(Légende)
L’étoile filait doucement sous le ciel bleu, laissant derrière elle une longue traînée d’or, et les trois rois qui avaient quitté leur palais de marbre au bout du monde, la suivaient anxieusement à travers les monts, et les vallées.
Les pages portaient des présents magnifiques : l’or, l’encens et la myrrhe, et des coffrets d’argent ciselé, destinés à l’Enfant-Roi.
« Le cimeterre au clair ou la lance sur l’épaule, dit un auteur, leurs gardes les accompagnaient, et derrière chacun d’eux, comme figés dans leurs armures étincelantes, marchaient trois écuyers, l’un portant l’étendard du maître, l’autre son sceptre et le troisième sa couronne, sur laquelle, par instants, les ors et les diamants luisaient comme d’étranges lucioles. »
À Jérusalem, l’étoile sans pareille s’éteignit et les trois rois crurent qu’ils étaient arrivés ; mais nul ne connaissait le nouveau Roi.
Quelle tristesse !
Hérode et les scribes, obligés de relire la prophétie de la naissance, leur dirent enfin :
« Allez à Bethléem ! Et lorsque vous l’aurez trouvé ajouta le farouche Hérode, annoncez-le moi, afin que, moi aussi, avec un cortège magnifique, j’aille l’adorer. »
Ils reprirent la route ; mais l’étoile, en les quittant, avait emporté toute leur joie, ils se demandaient anxieusement si l’indication d’Hérode était bonne, car ce vilain prince leur avait fait fort triste impression, et ils ne pouvaient croire qu’il pût être l’interprète du ciel.
« Essayons, avec notre seule sagesse, se dirent-ils, de faire quelque découverte utile ; laissons notre suite et allons seuls interroger en ce pays »
Ils ordonnèrent donc à leurs écuyers et valets de s’arrêter, et ils marchèrent seuls à l’aventure dans la campagne, enveloppés en de larges manteaux qui cachaient leur rang.
Se laissant aller à l’inspiration, ils s’écartèrent et s’égarèrent.
Le soir venu, ils cherchaient encore leur route.
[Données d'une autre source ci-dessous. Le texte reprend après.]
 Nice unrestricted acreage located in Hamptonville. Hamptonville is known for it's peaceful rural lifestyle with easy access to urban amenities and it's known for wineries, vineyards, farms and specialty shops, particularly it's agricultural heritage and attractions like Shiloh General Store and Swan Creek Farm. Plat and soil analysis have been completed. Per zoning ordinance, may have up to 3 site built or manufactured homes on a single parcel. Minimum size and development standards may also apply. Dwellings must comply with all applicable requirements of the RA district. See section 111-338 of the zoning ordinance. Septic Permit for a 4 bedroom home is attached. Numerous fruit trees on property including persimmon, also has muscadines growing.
En vain, des yeux interrogeaient-ils l’horizon : ils ne voyaient poindre ni les casques, ni les lances de leurs gardes. En vain, ils appelaient : l’écho seul répondait à leurs voix. La plaine s’étendait devant eux, déserte et silencieuse. La nuit descendait dans le ciel où lentement, une à une, les étoiles s’allumaient comme des perles d’or, mais ils essayaient en vain de découvrir celle qui s’était levée là-bas en Orient, sur leurs palais de marbre, et qu’ils avaient suivie.
Ils restaient là, tous trois, inquiets, à la recherche d’une hutte ou d’un abri, si pauvre fût-il, où ils pourraient du moins attendre l’aurore.
Mais ils n’apercevaient aucune lumière ; aucune fumée ne montait ; pas une clochette ne sonnait dans la plaine.
Tout à coup, le roi Balthazar prêta l’oreille :
— N’entendez-vous rien ? demanda-t-il aux autres.
Melchior et Gaspard écoutèrent à leur tour :
— Ne serait-ce pas plutôt, fit le premier, le vent qui fait bruire les branches ou les appels d’un rossignol perdu que l’écho apporte jusqu’à nous ?
Mais Gaspard montrait la route : « Avançons toujours ! dit-il. Murmure du vent ou chanson de rossignol, le bruit nous guidera. »
Et, à mesure qu’ils avançaient, le bruit devenait plus distinct. C’était maintenant comme un refrain joyeux qui montait dans l’air, troublant seul le grand silence de la nuit, et, sous les arbres, là-bas, très loin, une lueur brillait, un peu de fumée blanche montait dans le ciel.